As a result of the Merger, Registrant has terminated any and all offerings of Registrant’s securities pursuant to its existing registration statements under the Securities Act of 1933, as amended, including the Registration Statements. In accordance with undertakings made by Registrant in the Registration Statements to remove from registration, by means of a post-effective amendment, any securities that had been registered for issuance that remain unsold or unissued at the termination of the offering, Registrant hereby removes from registration all such securities of Registrant registered pursuant to the Registration Statements that remain unsold or unissued as of the date hereof.

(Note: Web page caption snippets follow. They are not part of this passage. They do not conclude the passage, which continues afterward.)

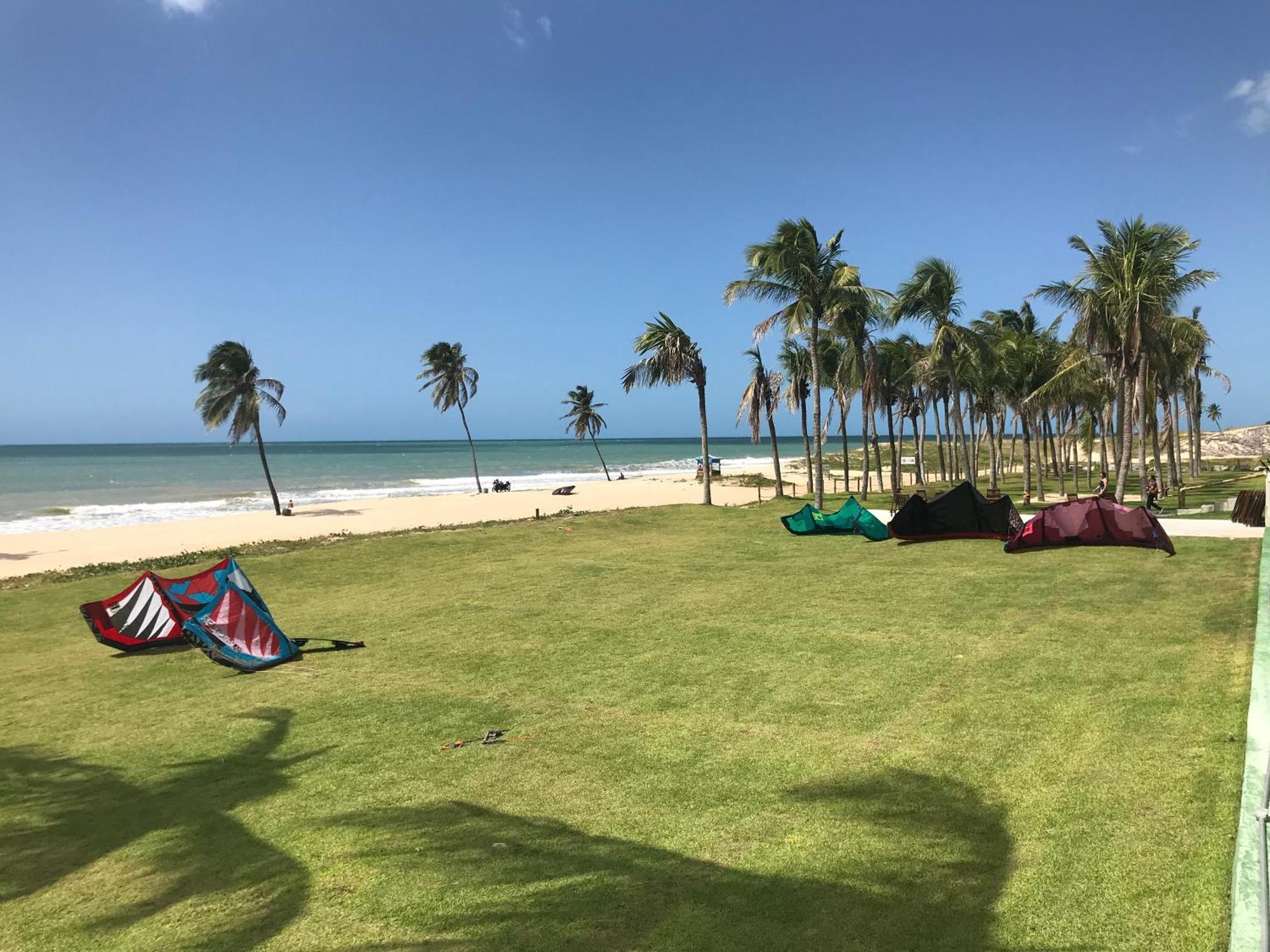 Condominio Wai Wai Pe Na Areia - Praia De קומבוקו מראה חיצוני תמונה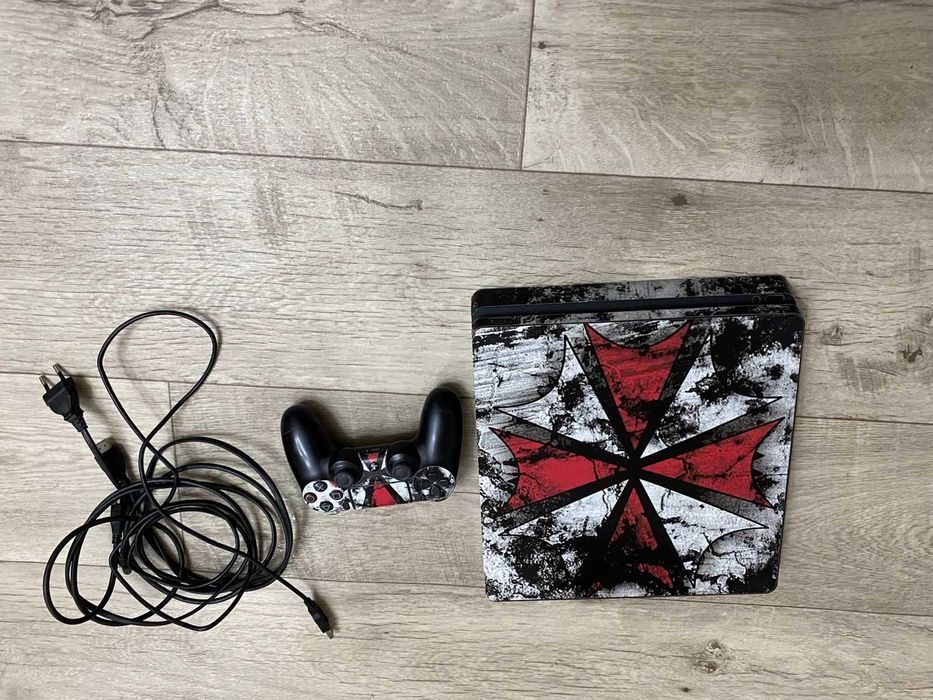 Продам PlayStation 4 slim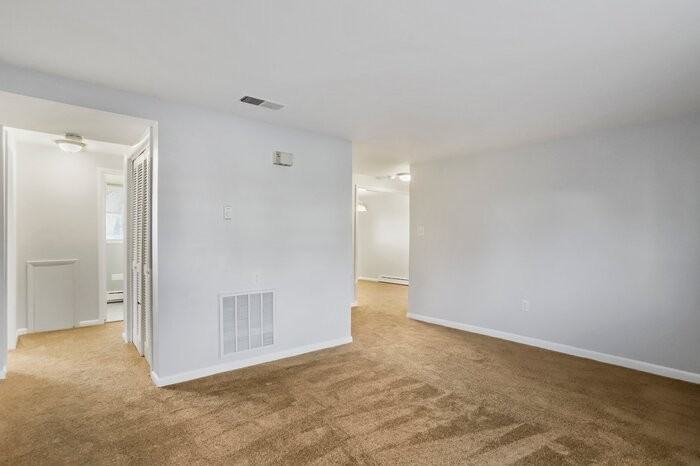 1499 N East St #14 - Photo 7 of 19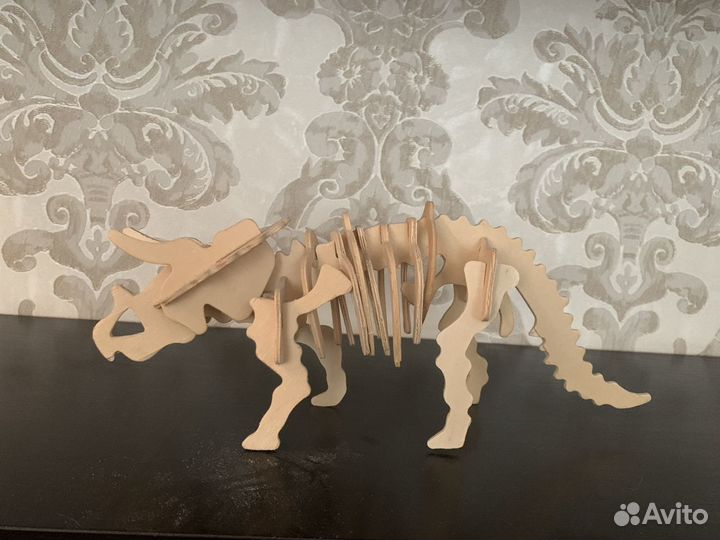 Сборная модель динозавр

Each Registration Statement is hereby amended, as appropriate, to reflect the deregistration of such securities.
SIGNATURES
Pursuant to the requirements of the Securities Act of 1933, as amended, Registrant certifies that it has reasonable grounds to believe that it meets all of the requirements for filing on Form S-8 and has duly caused these Post-Effective Amendments to the Registration Statements on Form S-8 to be signed on its behalf by the undersigned, thereunto duly authorized, in the City of New York, State of New York, on January 7, 2021.
TIFFANY & CO. |
(Registrant) |
/S/ Leigh M. Harlan |
Name: Leigh M. Harlan |
Title: Senior Vice President, Secretary and General Counsel |
No other person is required to sign these Post-Effective Amendments in reliance upon Rule 478 under the Securities Act of 1933, as amended.